Ghanatta Ayaric
Richard Alandu Achumboro
Richard Alandu Achumboro |
I have had the privilege of knowing Mr. Richard Alandu Achumboro since our student days in Navrongo in the 1970s. I was at Notre Dame Seminary Secondary and he was at Navrongo Secondary School. He and Paul Afoko were very close friends and were always seen together, like twins. Both Richard and I had/have homes in Tamale and, coincidentally, a common friend of ours, Ayak, lived there, too. During school vacation we would hang around with other friends at our friend’s home. We didn’t just idle about but engaged in lively informal debates on social and political issues. We also discussed the contents of books we had read, for example, masterpieces of African writers like Achebe, Ngugi, Ayi Kwei Armah, Okot P’Bitek and many others. What struck me about Richard at the time were his clear-cut and empathetic moderate leftist views on social and political issues and the eloquence with which he articulated these. I would see genuine concern in his face whenever he was talking about the shortcomings of the system and how ineffective it was in working to reduce poverty, ignorance, illiteracy and the general suffering of the man on the street. I shared his views and enjoyed listening to him. I learned a lot from him, too. He was not only the big brother I wish I had, but the knowledgeable friend and peer I could look up to.

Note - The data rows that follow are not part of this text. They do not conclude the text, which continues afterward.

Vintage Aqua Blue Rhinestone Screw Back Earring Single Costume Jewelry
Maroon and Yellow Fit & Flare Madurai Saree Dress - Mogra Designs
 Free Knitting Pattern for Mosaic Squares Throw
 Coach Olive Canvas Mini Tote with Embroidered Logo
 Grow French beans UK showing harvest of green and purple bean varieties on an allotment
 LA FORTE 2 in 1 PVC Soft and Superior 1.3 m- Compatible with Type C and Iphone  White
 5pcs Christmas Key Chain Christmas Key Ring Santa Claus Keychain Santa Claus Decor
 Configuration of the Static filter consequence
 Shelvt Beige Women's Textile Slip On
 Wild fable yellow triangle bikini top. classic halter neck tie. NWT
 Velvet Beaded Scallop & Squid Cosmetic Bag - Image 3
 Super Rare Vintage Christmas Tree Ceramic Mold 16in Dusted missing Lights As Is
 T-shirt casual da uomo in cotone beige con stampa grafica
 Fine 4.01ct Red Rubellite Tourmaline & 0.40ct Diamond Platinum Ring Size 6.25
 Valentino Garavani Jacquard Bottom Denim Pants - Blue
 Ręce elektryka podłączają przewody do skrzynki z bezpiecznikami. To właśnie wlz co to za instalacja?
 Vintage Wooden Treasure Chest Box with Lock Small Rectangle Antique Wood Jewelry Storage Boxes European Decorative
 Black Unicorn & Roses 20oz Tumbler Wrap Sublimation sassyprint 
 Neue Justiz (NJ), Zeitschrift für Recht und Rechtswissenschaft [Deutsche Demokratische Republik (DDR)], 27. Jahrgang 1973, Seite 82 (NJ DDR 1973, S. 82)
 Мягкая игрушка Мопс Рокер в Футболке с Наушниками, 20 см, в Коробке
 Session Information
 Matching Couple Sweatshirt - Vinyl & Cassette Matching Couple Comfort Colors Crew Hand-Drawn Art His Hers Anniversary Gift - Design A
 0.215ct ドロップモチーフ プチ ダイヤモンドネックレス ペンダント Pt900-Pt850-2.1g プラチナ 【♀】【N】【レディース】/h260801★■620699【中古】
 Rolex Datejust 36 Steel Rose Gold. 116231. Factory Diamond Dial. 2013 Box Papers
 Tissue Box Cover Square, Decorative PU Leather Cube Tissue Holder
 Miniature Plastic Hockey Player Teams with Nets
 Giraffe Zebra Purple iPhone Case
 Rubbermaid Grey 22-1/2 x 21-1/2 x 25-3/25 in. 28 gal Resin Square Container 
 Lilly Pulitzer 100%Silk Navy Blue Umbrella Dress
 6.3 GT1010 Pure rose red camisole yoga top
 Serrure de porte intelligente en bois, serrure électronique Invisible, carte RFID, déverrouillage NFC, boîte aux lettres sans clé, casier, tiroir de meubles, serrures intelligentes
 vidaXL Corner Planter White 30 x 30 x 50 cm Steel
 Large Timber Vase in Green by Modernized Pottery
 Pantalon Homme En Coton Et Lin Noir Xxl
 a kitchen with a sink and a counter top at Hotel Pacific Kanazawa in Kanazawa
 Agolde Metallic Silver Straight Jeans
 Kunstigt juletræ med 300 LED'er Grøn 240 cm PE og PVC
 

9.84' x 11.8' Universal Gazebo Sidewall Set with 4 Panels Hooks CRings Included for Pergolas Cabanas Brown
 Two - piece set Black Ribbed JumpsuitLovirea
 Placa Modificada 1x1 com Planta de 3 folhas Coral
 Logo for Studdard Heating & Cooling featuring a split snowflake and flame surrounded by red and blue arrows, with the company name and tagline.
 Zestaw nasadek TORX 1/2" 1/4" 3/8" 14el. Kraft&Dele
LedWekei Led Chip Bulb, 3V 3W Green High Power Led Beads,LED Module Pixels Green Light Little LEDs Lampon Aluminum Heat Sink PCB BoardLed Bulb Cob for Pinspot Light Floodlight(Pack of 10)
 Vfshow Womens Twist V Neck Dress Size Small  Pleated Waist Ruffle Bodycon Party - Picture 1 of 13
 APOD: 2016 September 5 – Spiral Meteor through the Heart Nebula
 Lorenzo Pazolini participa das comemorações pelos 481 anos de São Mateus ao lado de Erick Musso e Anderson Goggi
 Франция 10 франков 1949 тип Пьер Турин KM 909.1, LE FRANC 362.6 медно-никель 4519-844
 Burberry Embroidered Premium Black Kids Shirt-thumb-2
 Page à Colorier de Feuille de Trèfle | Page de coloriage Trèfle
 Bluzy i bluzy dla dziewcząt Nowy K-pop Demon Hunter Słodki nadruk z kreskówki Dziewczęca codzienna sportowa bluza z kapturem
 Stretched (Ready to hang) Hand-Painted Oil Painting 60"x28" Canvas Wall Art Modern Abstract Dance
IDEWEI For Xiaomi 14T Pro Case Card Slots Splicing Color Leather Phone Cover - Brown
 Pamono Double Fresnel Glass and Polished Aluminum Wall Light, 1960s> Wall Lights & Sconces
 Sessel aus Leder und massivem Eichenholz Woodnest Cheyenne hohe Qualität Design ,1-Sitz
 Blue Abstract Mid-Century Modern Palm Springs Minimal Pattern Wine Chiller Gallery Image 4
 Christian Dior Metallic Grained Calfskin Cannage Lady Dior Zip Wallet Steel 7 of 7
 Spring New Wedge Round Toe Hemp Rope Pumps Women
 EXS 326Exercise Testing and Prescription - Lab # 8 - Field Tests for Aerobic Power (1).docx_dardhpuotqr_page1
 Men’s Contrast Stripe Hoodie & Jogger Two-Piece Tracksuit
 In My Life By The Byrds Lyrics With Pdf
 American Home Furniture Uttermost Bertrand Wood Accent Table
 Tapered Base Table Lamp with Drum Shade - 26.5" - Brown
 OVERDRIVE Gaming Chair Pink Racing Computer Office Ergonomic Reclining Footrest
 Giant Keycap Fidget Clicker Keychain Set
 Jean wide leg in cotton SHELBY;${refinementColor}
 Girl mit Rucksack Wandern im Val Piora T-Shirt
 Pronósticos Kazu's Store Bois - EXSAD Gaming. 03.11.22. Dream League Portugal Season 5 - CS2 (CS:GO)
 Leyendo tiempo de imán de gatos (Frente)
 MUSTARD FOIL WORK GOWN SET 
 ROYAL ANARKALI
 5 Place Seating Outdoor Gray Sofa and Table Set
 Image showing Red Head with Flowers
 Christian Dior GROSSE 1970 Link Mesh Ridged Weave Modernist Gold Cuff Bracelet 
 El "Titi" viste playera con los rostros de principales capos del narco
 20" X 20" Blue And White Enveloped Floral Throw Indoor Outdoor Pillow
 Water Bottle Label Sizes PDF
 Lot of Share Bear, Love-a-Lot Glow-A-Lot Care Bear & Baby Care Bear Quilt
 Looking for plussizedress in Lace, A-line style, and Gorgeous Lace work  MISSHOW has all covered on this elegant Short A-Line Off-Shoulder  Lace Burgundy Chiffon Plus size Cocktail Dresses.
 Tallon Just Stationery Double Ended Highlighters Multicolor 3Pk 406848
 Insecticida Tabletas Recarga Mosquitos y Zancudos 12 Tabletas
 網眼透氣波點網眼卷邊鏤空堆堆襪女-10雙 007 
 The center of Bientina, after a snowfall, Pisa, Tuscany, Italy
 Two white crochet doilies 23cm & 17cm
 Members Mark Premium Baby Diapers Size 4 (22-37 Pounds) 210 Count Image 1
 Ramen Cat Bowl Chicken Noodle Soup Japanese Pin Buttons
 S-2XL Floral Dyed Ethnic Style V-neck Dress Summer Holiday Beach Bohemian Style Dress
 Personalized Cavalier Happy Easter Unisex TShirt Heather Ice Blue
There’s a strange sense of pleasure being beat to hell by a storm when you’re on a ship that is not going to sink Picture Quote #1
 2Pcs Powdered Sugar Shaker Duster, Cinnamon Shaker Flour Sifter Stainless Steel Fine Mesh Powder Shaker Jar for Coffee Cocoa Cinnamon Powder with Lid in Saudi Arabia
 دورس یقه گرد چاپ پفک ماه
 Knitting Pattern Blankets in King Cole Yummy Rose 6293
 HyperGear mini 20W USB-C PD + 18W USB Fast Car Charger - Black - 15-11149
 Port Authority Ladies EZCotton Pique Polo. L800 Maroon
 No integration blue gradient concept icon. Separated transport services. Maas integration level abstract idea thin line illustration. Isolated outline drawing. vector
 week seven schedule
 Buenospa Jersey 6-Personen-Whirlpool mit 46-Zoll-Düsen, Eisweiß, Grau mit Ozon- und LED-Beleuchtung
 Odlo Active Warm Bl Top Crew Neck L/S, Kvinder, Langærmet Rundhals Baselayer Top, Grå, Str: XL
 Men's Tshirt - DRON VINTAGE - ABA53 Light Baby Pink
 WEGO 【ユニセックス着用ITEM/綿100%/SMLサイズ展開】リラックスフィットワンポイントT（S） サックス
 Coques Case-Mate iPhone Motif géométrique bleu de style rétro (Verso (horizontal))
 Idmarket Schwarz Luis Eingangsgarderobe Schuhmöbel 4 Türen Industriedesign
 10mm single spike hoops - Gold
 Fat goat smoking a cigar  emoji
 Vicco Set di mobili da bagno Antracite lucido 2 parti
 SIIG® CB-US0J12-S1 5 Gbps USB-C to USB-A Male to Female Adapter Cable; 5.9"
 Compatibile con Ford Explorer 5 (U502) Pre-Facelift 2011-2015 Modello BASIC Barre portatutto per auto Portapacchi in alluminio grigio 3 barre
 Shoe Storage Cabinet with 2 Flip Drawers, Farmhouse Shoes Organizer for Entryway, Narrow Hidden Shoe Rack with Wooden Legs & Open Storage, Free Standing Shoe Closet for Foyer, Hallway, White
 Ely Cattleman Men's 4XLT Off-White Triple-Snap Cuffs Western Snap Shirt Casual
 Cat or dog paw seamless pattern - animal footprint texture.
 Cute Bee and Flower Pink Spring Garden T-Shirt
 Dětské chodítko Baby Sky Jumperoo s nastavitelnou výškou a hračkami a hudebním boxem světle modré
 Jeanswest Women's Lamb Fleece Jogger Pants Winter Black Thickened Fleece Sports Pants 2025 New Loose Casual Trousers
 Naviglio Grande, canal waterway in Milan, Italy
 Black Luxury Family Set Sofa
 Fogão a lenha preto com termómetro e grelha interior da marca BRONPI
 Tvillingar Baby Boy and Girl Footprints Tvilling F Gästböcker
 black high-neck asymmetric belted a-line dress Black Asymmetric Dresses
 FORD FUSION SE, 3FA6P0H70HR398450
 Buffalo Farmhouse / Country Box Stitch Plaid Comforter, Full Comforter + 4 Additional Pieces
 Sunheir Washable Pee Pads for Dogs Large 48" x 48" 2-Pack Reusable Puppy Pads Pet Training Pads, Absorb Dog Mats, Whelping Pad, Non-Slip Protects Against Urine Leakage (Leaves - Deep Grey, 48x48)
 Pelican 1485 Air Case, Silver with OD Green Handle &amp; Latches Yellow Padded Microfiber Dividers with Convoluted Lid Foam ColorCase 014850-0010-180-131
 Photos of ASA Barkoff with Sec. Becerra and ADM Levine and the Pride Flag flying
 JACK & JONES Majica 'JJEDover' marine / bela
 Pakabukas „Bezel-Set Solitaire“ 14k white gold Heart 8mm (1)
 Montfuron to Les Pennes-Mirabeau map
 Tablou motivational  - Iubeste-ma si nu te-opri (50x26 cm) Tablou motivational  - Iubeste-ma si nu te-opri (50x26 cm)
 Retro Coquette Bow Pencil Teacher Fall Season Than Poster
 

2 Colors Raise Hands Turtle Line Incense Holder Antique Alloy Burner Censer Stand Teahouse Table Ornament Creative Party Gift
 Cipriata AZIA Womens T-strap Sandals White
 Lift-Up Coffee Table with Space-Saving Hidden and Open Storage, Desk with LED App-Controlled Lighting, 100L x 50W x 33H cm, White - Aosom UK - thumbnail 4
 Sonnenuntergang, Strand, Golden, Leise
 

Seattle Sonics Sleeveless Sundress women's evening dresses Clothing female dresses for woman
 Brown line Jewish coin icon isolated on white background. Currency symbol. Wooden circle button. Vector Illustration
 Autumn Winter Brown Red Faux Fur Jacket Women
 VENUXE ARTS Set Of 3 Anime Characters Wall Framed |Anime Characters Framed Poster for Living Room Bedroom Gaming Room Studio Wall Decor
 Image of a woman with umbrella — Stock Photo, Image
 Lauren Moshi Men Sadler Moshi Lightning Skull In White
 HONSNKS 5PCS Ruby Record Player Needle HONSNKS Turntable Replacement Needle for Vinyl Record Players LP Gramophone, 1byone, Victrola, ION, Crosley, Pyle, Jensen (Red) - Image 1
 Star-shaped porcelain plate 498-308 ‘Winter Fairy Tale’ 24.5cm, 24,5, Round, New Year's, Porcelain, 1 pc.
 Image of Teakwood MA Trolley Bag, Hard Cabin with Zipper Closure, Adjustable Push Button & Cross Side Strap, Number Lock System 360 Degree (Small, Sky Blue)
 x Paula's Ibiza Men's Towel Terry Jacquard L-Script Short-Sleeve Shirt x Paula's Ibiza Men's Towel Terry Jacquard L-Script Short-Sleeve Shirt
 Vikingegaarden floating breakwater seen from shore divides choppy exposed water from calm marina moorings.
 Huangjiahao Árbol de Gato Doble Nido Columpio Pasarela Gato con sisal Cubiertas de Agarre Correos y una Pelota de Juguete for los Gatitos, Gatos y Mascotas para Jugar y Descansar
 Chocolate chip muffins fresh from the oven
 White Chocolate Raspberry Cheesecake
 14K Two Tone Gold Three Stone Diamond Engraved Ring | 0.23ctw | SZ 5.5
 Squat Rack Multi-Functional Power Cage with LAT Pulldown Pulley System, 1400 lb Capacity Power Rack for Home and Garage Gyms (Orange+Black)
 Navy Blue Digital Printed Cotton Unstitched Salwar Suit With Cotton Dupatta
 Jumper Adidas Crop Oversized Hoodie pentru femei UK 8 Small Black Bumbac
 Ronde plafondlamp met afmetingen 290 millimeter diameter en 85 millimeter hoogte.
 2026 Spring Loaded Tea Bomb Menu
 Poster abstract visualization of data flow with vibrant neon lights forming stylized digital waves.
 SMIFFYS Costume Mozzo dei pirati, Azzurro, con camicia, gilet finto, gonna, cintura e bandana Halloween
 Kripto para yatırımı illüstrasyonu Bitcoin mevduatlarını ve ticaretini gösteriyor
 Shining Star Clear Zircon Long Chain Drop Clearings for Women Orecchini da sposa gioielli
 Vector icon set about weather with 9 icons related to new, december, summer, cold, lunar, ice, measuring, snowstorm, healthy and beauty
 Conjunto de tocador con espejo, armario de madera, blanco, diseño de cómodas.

Richard and I lost contact after our Sixth form education in the North. He went to Nigeria, to study at Ahmadu Bello University in Zaria, while I proceeded to the University of Cape Coast. Some five years later, I met him briefly in Sokoto in 1983 when I was visiting Thomas Karimu Issah there, another common friend of ours and my former school mate at Notre Dame Seminary Secondary School, Navrongo and Tamale Secondary School. Richard must have just graduated from Ahmadu Bello at the time, and university education must have sharpened further his critical views on society, and there was (and there is still) a lot to criticize about Nigerian and African society for that matter. Richard sounded even more revolutionary than he had been during his secondary school days. That was the last time we met before our roads parted again for an indefinite period of time. Sometime in 2009, I was searching Google for information on Bulsaland, with “Sandema” as my search word when I tumbled on the website of the Foundation for Integrated Strategic Development (FISTRAD), Sandema Educational Resource Centre, and learned that Richard was the brain behind it.
I was very delighted but not surprised about the information. He has always been passionate about community development and cherished youth empowerment as part of his social responsibility and area of social engangement. He exhibited these from early adulthood! I was very proud of my friend, a man who has made his visionary dream come true. That cannot be taken for granted. The political landscape of Ghana today abounds in former revolutionaries who have succumbed to the temptation of money and material things and abandoned the cause and welfare of the disadvantaged in society. I admire Richard for the consistency with which he has pursued his community-based philanthropic dream. Sandema Educational Resource Centre and Radio Bulsa FM (106.5) have benefited and are still benefiting Buluk, the youth in particular. This is an acknowledgement of gratitude and esteem to him for his selfless contribution to development efforts in Bulsaland.
FISTRAD defines its vision, mission, core values and objectives as follows:
Vision: A world without poverty in which each is given equal Rights and opportunities in an environmentally friendly society
Mission: To work in partnership with communities, other agencies and government using participatory approaches to contribute to poverty reduction, respect for human rights and environmental protection and preservation.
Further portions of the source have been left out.